In 2019 PIC was actively involved in the large reprocessing campaigns to apply new cleaning techniques to the data and in creating the MAGIC legacy repository. PIC also developed and started implementing the Data Management and Preservation Plan (DMPP) and the conversion of MAGIC data into Data Level 3 (DL3) format compatible with the CTA analysis.

CTA/LST1

PIC provides distributed computing services for CTA simulation production. This task is developed in collaboration with the French IN2P3 Institute.

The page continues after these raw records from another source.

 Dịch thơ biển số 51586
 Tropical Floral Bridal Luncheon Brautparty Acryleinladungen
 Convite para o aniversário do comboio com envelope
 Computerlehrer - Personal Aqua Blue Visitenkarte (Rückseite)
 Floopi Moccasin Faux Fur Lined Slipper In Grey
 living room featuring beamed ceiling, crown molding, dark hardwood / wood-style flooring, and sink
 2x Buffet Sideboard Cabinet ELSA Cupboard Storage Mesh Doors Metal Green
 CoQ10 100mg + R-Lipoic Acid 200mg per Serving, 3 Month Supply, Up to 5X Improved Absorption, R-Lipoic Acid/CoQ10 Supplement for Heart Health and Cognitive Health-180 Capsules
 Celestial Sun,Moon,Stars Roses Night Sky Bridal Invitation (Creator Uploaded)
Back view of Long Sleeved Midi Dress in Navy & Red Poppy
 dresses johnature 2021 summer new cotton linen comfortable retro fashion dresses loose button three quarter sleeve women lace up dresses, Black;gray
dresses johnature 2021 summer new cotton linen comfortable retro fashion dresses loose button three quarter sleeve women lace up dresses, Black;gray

PIC provides data management and computing support for the first CTA telescope, LST1. In 2019, a data transfer system based on the File Transfer Service (FTS) was deployed to automate data transfers from the ORM to PIC. This was one out of many pieces that were crucial for obtaining the important results of the first LST detection of the Crab Nebula](https://www.cta-observatory.org/lst1-detects-first-gamma-ray-signal/).

PAU

PIC is the main data center for the PAU survey, including data access services for external users. During 2019, analysis pipelines developed at PIC in collaboration with ICE have been run several times for optimization. As part of the optimization process, tests were carried out for the integration of the PAU pipelines with the Apache Hadoop platform available at PIC. Additional disk storage was also deployed to always have a copy of the RAW data on disk.

Following the work started last year, IFAE researchers at PIC have been using the GPU infrastructure to run Machine Learning analysis algorithms for star-galaxy separation and background estimation, obtaining very promising results.

Euclid

During 2019, PIC continued carrying on the activities derived from PIC’s role as the Spanish Science Data Center (SDC-ES) and member of the Organizational Unit for Simulations (OU-SIM), responsible for developing the Simulation Processing Function (SIM-PF).

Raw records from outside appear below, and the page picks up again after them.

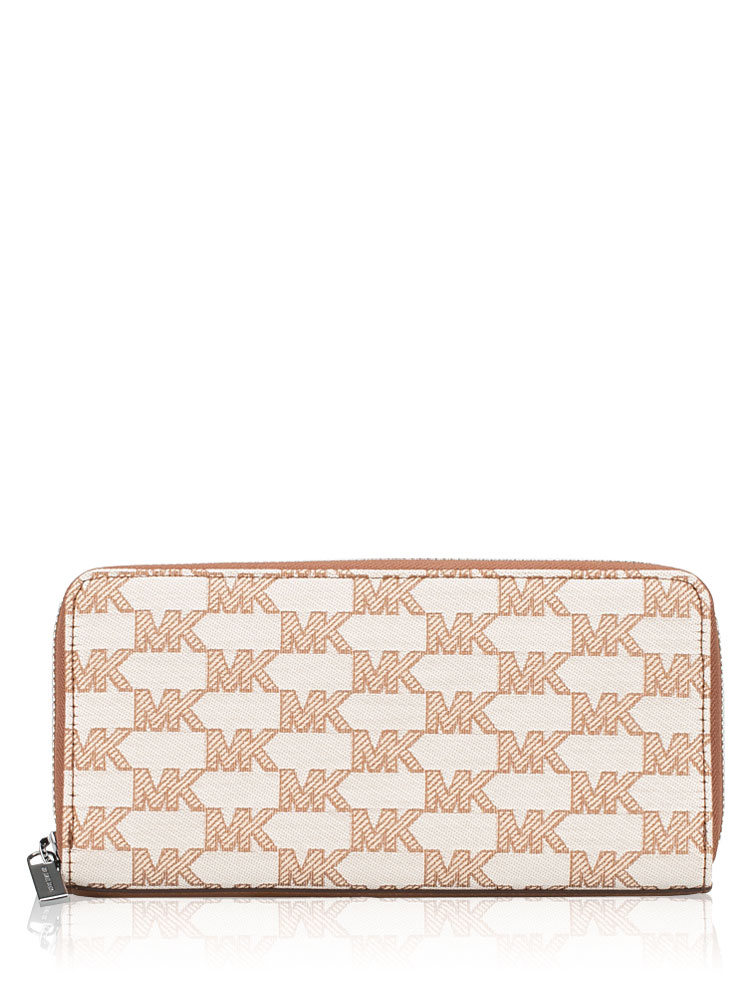 Signature Cooper Tech Zip Wallet Light Cream Multi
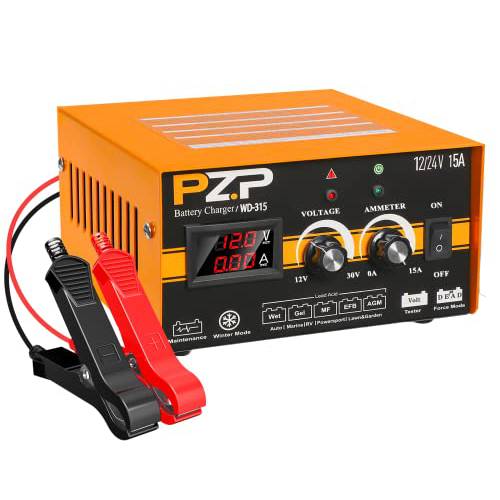 PZ.P 0-15A 12V/ 24V 배터리 충전기 Manitainer, 자동차 트럭 보트 배터리 물방울 충전기 조절가능 전압 and Current - 자동차, 선박, 딥 싸이클, AGM 배터리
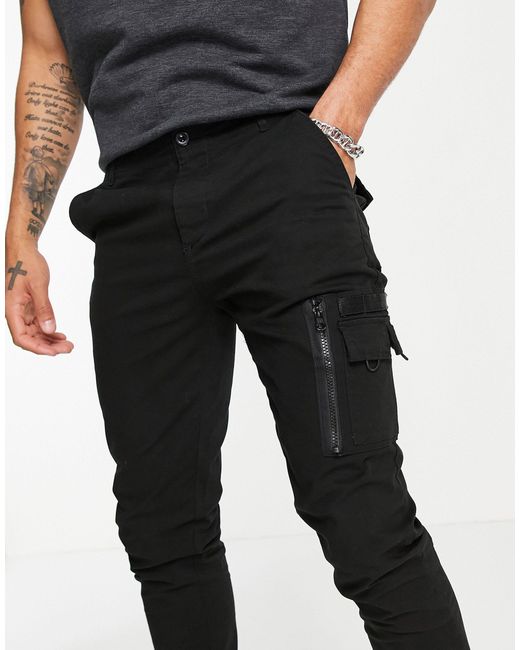 black skinny trousers with pockets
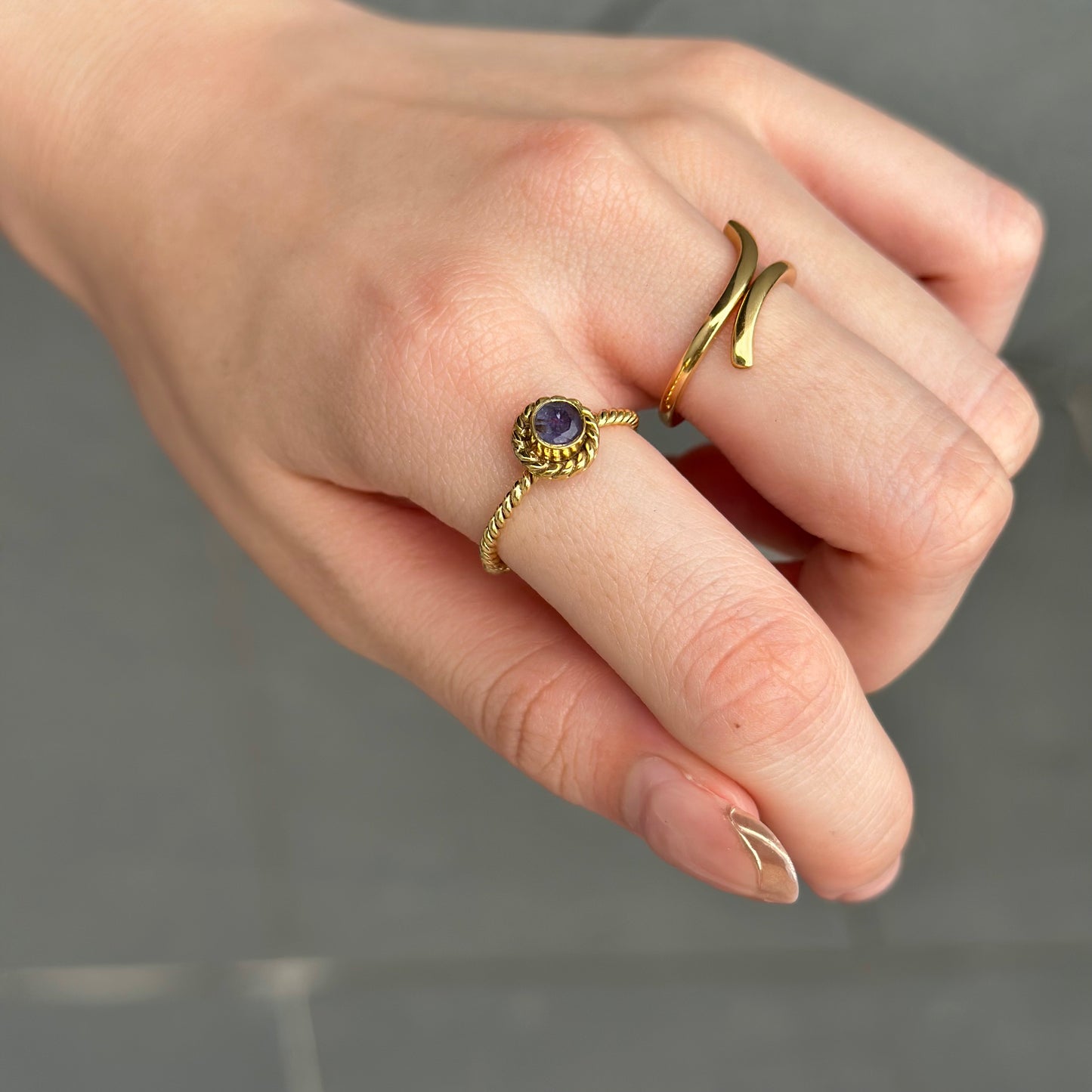 Brass petit ring〈twist 1〉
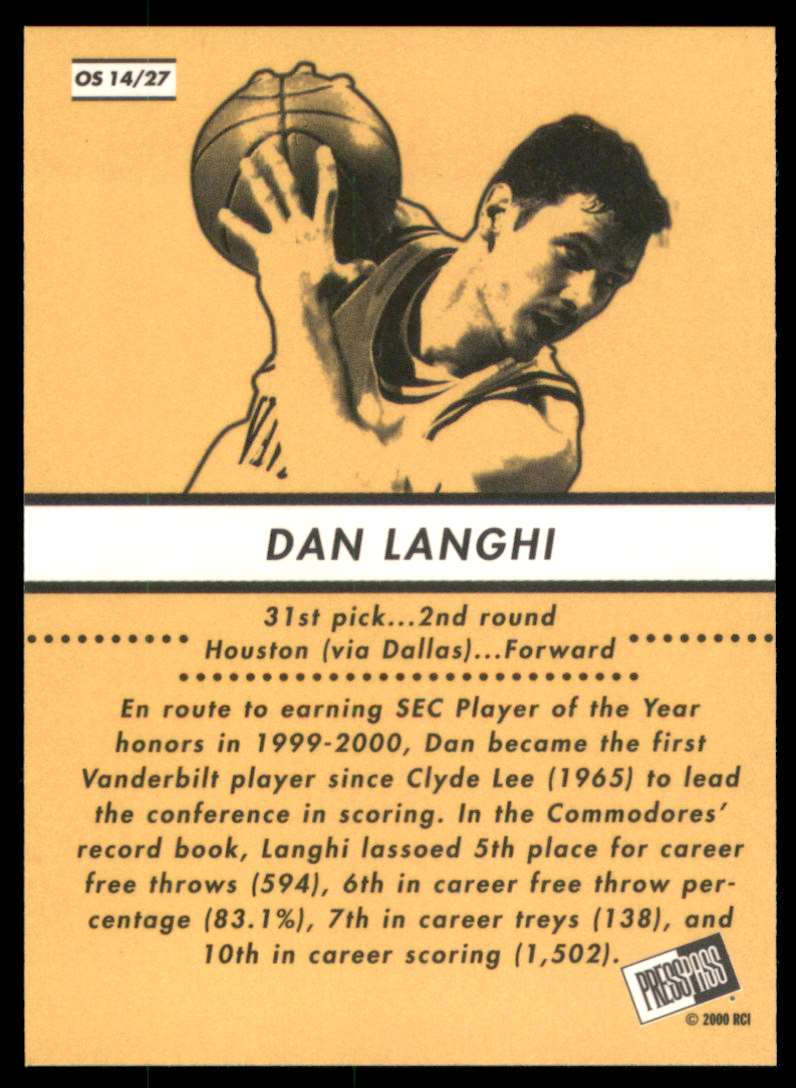 2000-01 Press Pass Se Old School Dan Langhi #OS14 card back image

At SDC level, major changes were implemented on the infrastructure: the batch system was migrated from PBS to HTCondor, the virtualization layer was moved from Docker to Singularity and the jobs temporary disk area was upgraded.

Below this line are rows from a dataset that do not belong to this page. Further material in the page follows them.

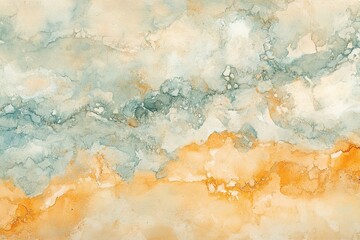 Abstract watercolor background in beige orange and teal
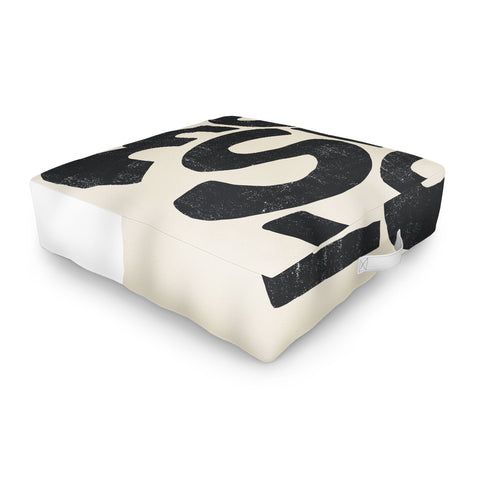 Bohomadic.Studio Modern Self Love Art in Black Outdoor Floor Cushion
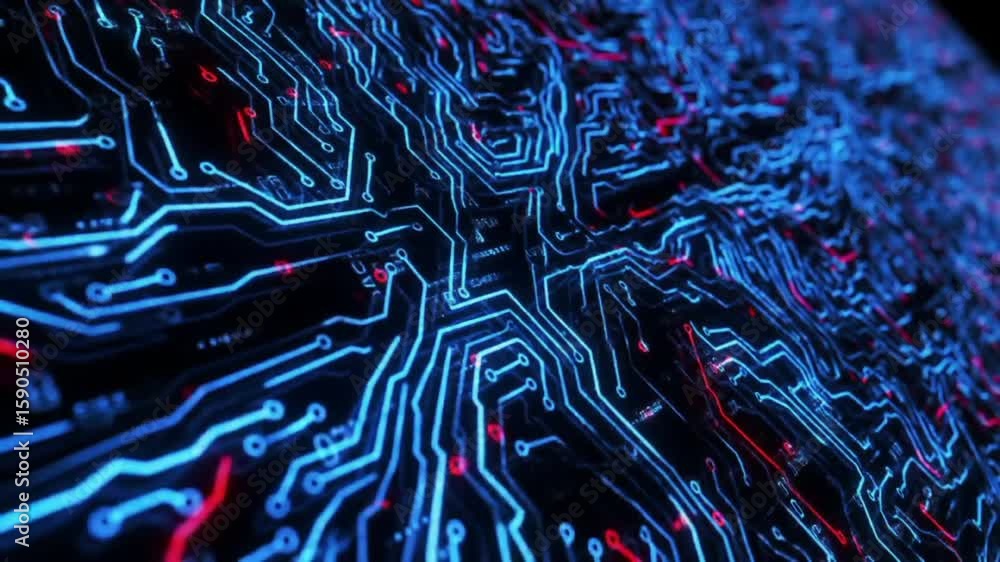 Poster abstract blue and red circuit board pattern on dark background high tech data system conceptual back
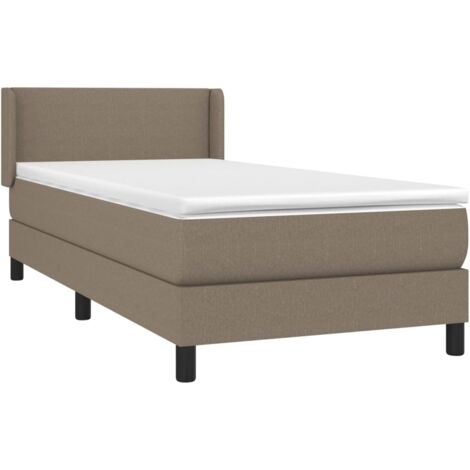 Sommier à lattes de lit avec matelas Taupe 80x200 cm Tissu (1/5)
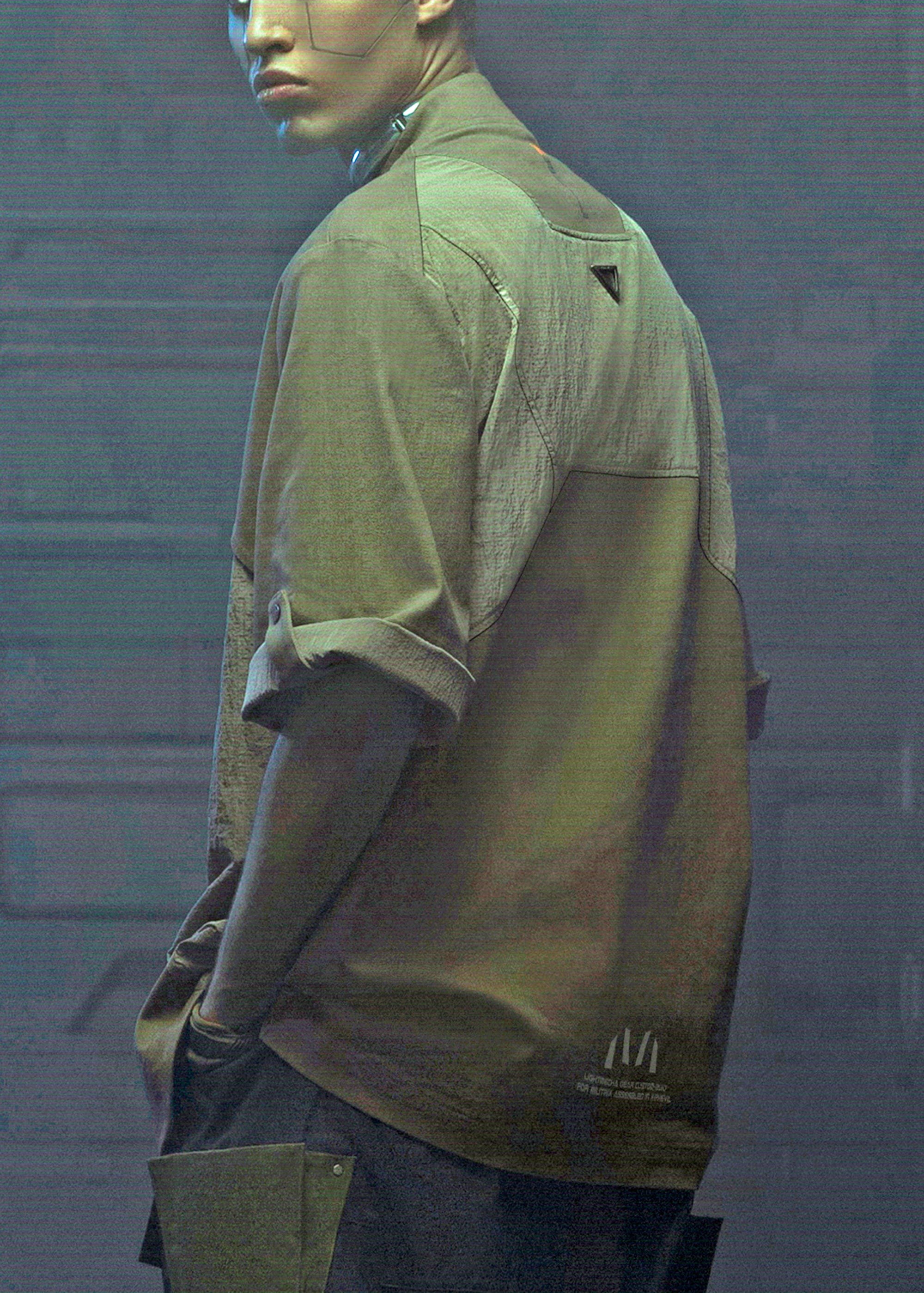XIPHEVIL Terminal Layered Rivet Half Shirt Army Green, premium urban and streetwear designers apparel on PROJECTISR.com, XIPHEVIL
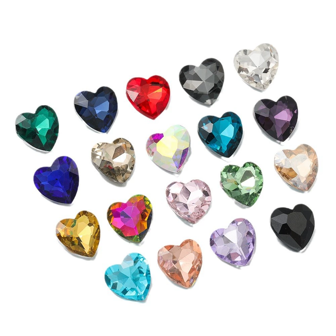 20 颗 10 毫米心形水晶钻，高透明度彩虹，手工 DIY 工艺品，婚纱、鞋子和包包装饰，多功能闪亮装饰，艺术品，适用于服装、汽车、节日、派对、礼物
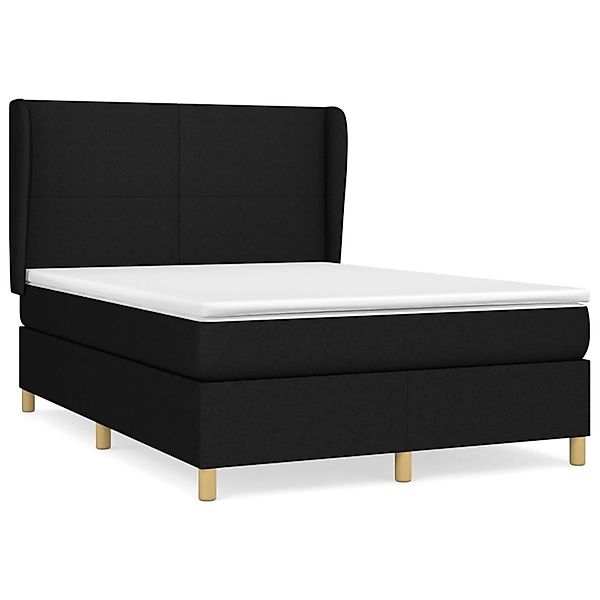 vidaXL Boxspringbett mit Matratze Schwarz 140x190 cm Stoff1372843 günstig online kaufen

One of the main activities in 2019 was the preparation and execution of Scientific Challenge 4/5/6 which meant to further test the scalability and integration of the Science Ground Segment infrastructure, increasing significantly the data volume and the number of Processing Functions involved.

CosmoHub

CosmoHub is a web portal for analysis and distribution of massive cosmology and astrophysics data sets developed at PIC. Hosting over 6.000 catalogs generated by more than 500 users from all over the world, it is a very popular tool among researchers. Because of its success, there are plans for a new version with increased functionality. The new design will include several analysis pipelines from the separately developed SciPIC framework and offer its usage to the CosmoHub user community.

VIRGO/LIGO

In 2019, PIC joined the LIGO/Virgo collaboration. For Virgo, PIC primarily supports the computing efforts of the IFAE group, which includes CPU and GPU computing as well as helping users in running their pipelines in individual or collaborative environments.

PIC also joined the LIGO Grid infrastructure and is now one of the computing sites where the collaboration runs the massive analysis of gravitational wave signals using CPU and GPU resources through HTCondor. In Fall 2019, PIC contributed with 4.5% to the total LIGO-Virgo CPU accounting.